About me...
First, the basics: I'm a third year PhD student in the Computer Science Department at Purdue University; my advisor is Dr. Chris Clifton, and my research focuses on Differentially Private Datamining. In short, this is the trick of studying groups of people, and then publicly releasing the results of your study, while still protecting the privacy of the individuals in the group. This often requires pulling together concepts from algorithms, combinatorics, data-mining, machine learning, and statistics to provide provable mathematical guarantees that both the individuals will be safe and the released data will still be useful.
At Purdue, I'm a graduate student member of the NSF Center for the Science of Information(CoSI) and the Center for the Education and Research in Information Assurance and Security (CERIAS). I have previously worked at the Air Force Research Labs at Wright-Patterson Air Force Base in Dayton, Ohio, and Sandia National Labs in Livermore, CA; this summer I will be working at the Naval Research Labs in Washington, DC. I am currently a visiting scholar at Howard University, where I assist in mentoring undergraduate computer science students through CoSI.
My undergraduate degree is in theoretical Math from Ohio State University, where I also earned minors in Physics, Computer Science, and History (and a few years experience in stage combat*). My M.S. in Computer Science is from Indiana University; while there, I enjoyed several years of teaching Discrete Math and Computability Theory to IU undergradaute computer science students, often in terms of pirates and pies.

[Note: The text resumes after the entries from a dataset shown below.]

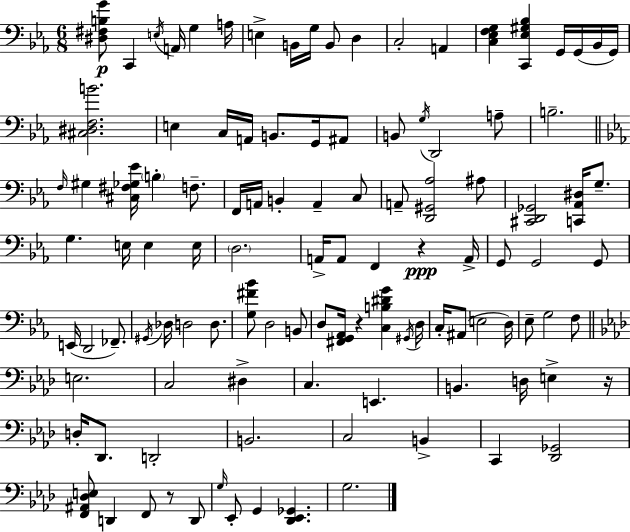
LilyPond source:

{
  \clef bass
  \numericTimeSignature
  \time 6/8
  \key ees \major
  <dis fis b g'>8\p c,4 \acciaccatura { e16 } a,16 g4 | a16 e4-> b,16 g16 b,8 d4 | c2-. a,4 | <c ees f g>4 <c, ees gis bes>4 g,16 g,16( bes,16 | \break g,16) <cis dis f b'>2. | e4 c16 a,16 b,8. g,16 ais,8 | b,8 \acciaccatura { g16 } d,2 | a8-- b2.-- | \break \bar "||" \break \key ees \major \grace { f16 } gis4 <cis fis ges ees'>16 \parenthesize b4-. f8.-- | f,16 a,16 b,4-. a,4-- c8 | a,8-- <d, gis, aes>2 ais8 | <cis, d, ges,>2 <c, aes, dis>16 g8.-- | \break g4. e16 e4 | e16 \parenthesize d2. | a,16-> a,8 f,4 r4\ppp | a,16-> g,8 g,2 g,8 | \break e,16( d,2 fes,8.--) | \acciaccatura { gis,16 } des16 d2 d8. | <g fis' bes'>8 d2 | b,8 d8 <fis, g, aes,>16 r4 <c b dis' g'>4 | \break \acciaccatura { gis,16 } d16 c16-. ais,8( e2 | d16) ees8-- g2 | f8 \bar "||" \break \key aes \major e2. | c2 dis4-> | c4. e,4. | b,4. d16 e4-> r16 | \break d16-. des,8. d,2-. | b,2. | c2 b,4-> | c,4 <des, ges,>2 | \break <f, ais, des e>8 d,4 f,8 r8 d,8 | \grace { g16 } ees,8-. g,4 <des, ees, ges,>4. | g2. | \bar "|."
}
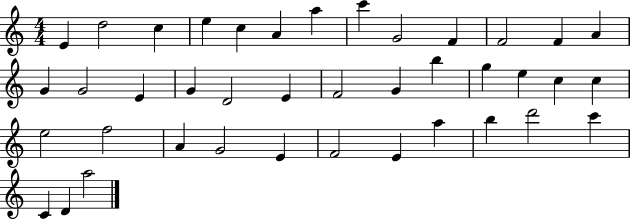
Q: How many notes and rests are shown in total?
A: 40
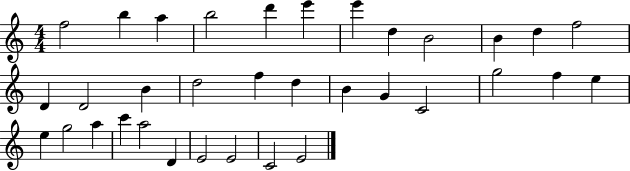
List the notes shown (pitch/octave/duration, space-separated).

F5/h B5/q A5/q B5/h D6/q E6/q E6/q D5/q B4/h B4/q D5/q F5/h D4/q D4/h B4/q D5/h F5/q D5/q B4/q G4/q C4/h G5/h F5/q E5/q E5/q G5/h A5/q C6/q A5/h D4/q E4/h E4/h C4/h E4/h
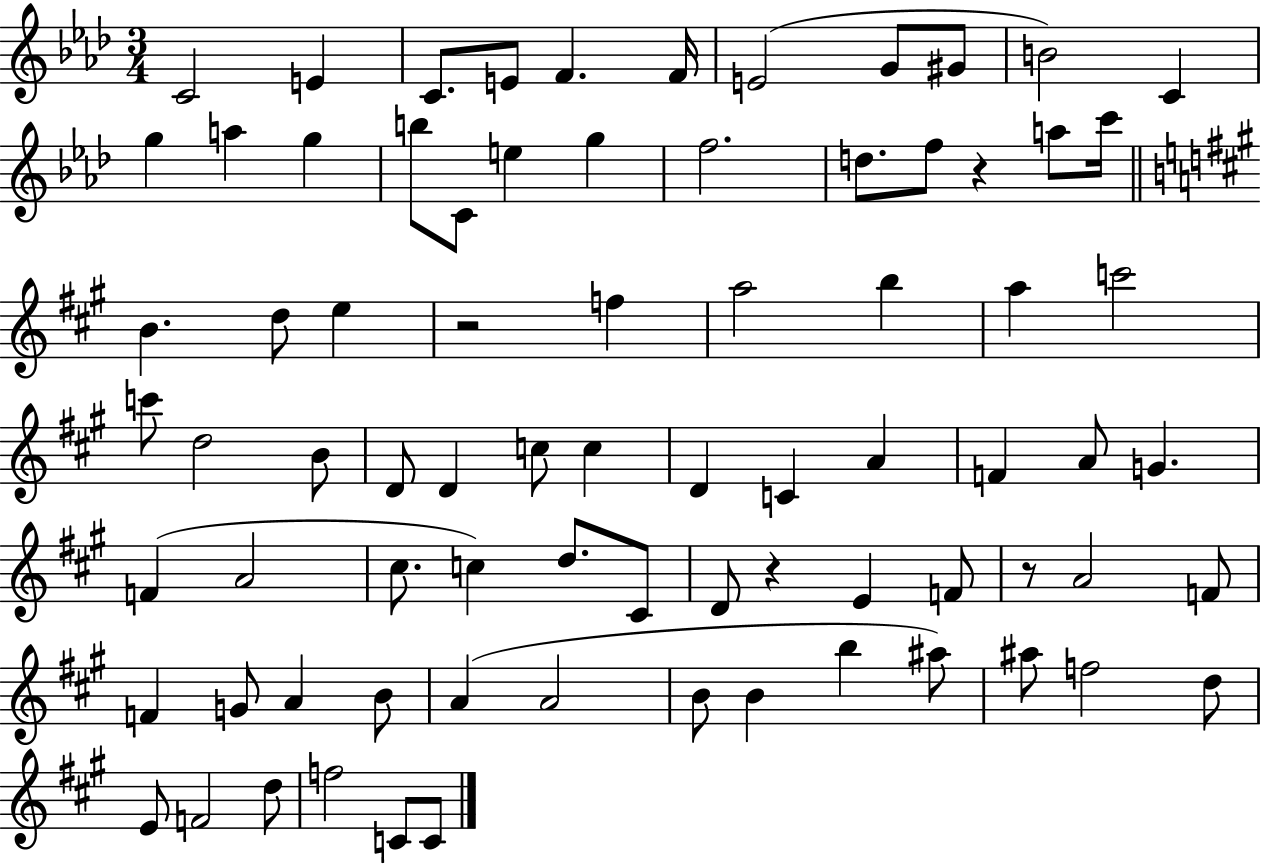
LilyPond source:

{
  \clef treble
  \numericTimeSignature
  \time 3/4
  \key aes \major
  c'2 e'4 | c'8. e'8 f'4. f'16 | e'2( g'8 gis'8 | b'2) c'4 | \break g''4 a''4 g''4 | b''8 c'8 e''4 g''4 | f''2. | d''8. f''8 r4 a''8 c'''16 | \break \bar "||" \break \key a \major b'4. d''8 e''4 | r2 f''4 | a''2 b''4 | a''4 c'''2 | \break c'''8 d''2 b'8 | d'8 d'4 c''8 c''4 | d'4 c'4 a'4 | f'4 a'8 g'4. | \break f'4( a'2 | cis''8. c''4) d''8. cis'8 | d'8 r4 e'4 f'8 | r8 a'2 f'8 | \break f'4 g'8 a'4 b'8 | a'4( a'2 | b'8 b'4 b''4 ais''8) | ais''8 f''2 d''8 | \break e'8 f'2 d''8 | f''2 c'8 c'8 | \bar "|."
}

I have two cats, one husband, one philodendren, a fuel-efficient car, a remarkably ugly suitcase that goes *everywhere*, and a lot of books.
Research
Statement
My research applies differential privacy to social network analysis and text-mining. My work focuses on restricting data-sets and queries to reduce their sensitivity to individuals' contributions, while still maintaining utility. Low-sensitivity queries can be privatized by adding noise to obfuscate individual influence on the query results.Differential Privacy Tutorial
Posters and Talks
Papers
- C. Task, C. Clifton: What should we protect? Defining Differential Privacy for Social Network Analysis" Springer Journal of Social Network Analysis and Mining (2013).
- C. Task, C. Clifton: A Guide to Differential Privacy Theory in Social Network Analysis. In Proceedings of the 2012 IEEE/ACM International Conference on Advances in Social Networks Analysis and Mining (ASONAM).
- T.Kolda, A.Pinar, T. Plantenga, C. Seshadhri, C. Task: Counting Triangles in Massive Graphs with MapReduce. In submission to SIAM Journal on Scientific Computing: Planet Earth and Big Data Special Section 2013.